Rarely-switching linear bandits: optimization of causal effects for the real world
Benjamin Lansdell, Sofia Triantafillou, Konrad Kording

TL;DR
This paper introduces a conservative linear bandit algorithm that updates policies infrequently, minimizing detrimental changes while maintaining near-optimal regret, suitable for real-world scenarios where policy stability is crucial.
Contribution
It extends linear bandit theory to rarely-switching policies, providing a provably effective method that balances policy stability with learning performance.
Findings
The algorithm achieves similar regret to LinUCB with fewer policy changes.
Simulations demonstrate efficient learning with minimal detrimental updates.

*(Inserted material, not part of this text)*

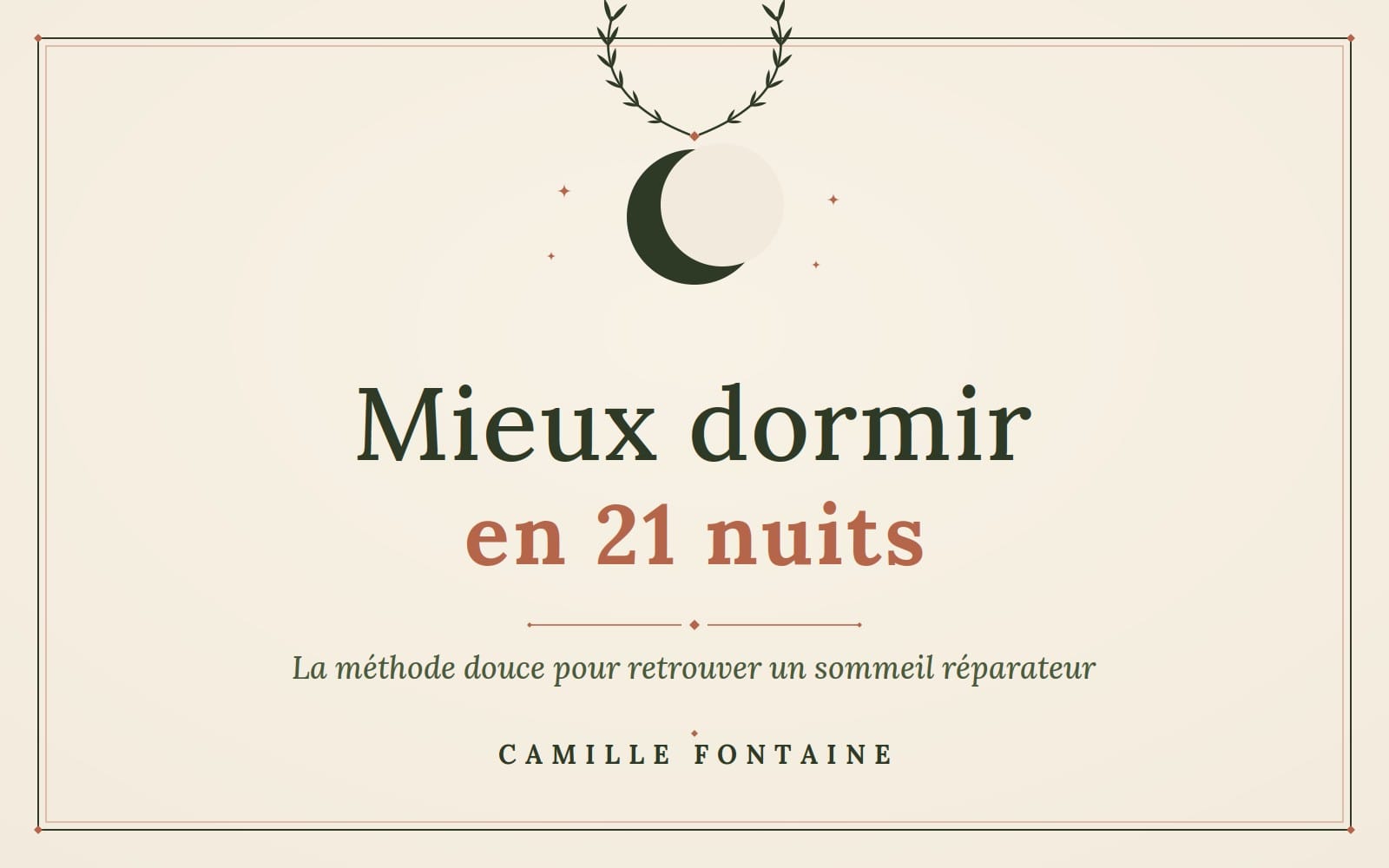 Mieux dormir en 21 nuits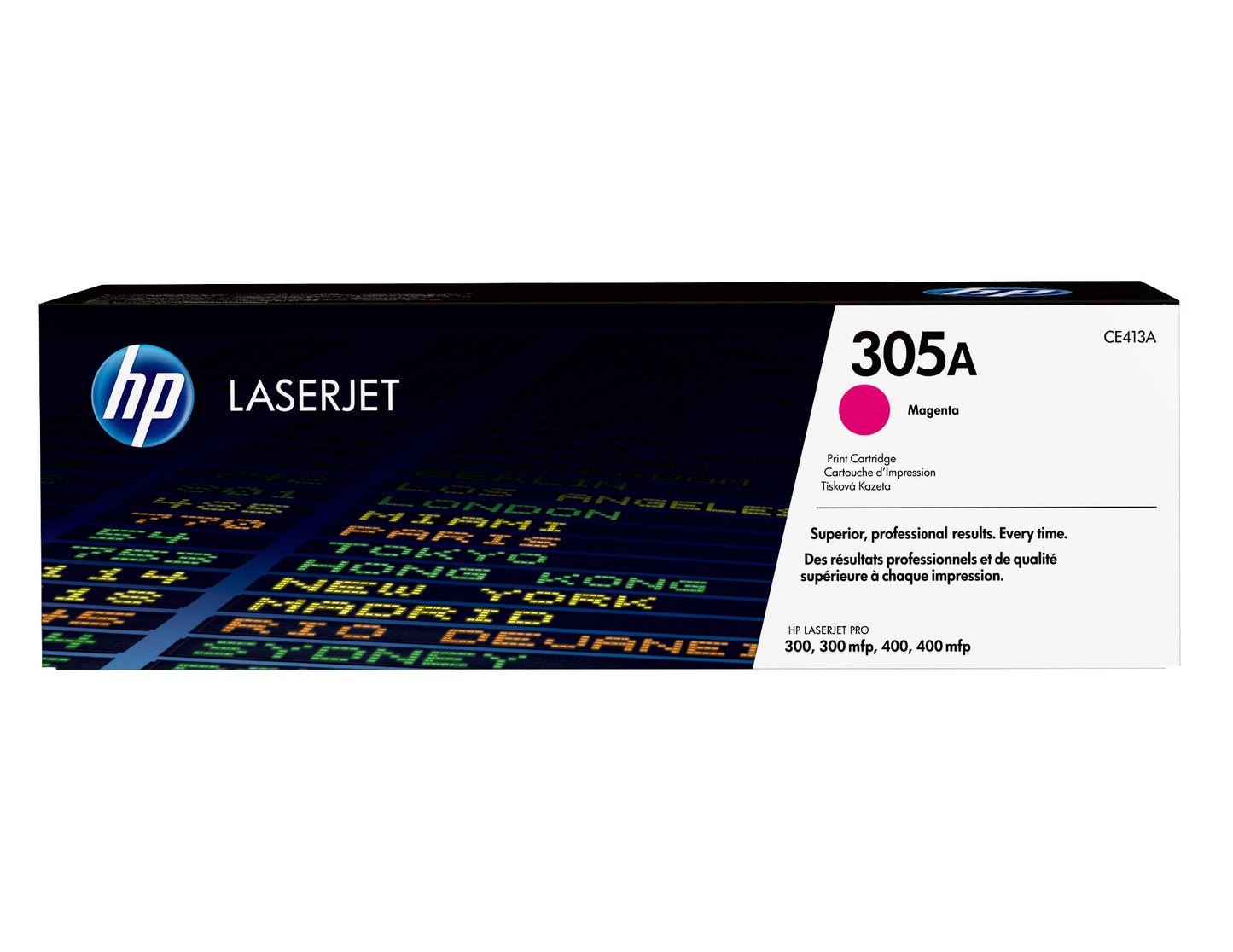 HP CE413A/305A Magenta Toner Cartridge (2.6K pages, HP LaserJet M 375)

Application to a causal inference dataset shows practical effectiveness.
Abstract
Excessively changing policies in many real world scenarios is difficult, unethical, or expensive. After all, doctor guidelines, tax codes, and price lists can only be reprinted so often. We may thus want to only change a policy when it is probable that the change is beneficial. In cases that a policy is a threshold on contextual variables we can estimate treatment effects for populations lying at the threshold. This allows for a schedule of incremental policy updates that let us optimize a policy while making few detrimental changes. Using this idea, and the theory of linear contextual bandits, we present a conservative policy updating procedure which updates a deterministic policy only when justified. We extend the theory of linear bandits to this rarely-switching case, proving that such procedures share the same regret, up to constant scaling, as the common LinUCB algorithm. However…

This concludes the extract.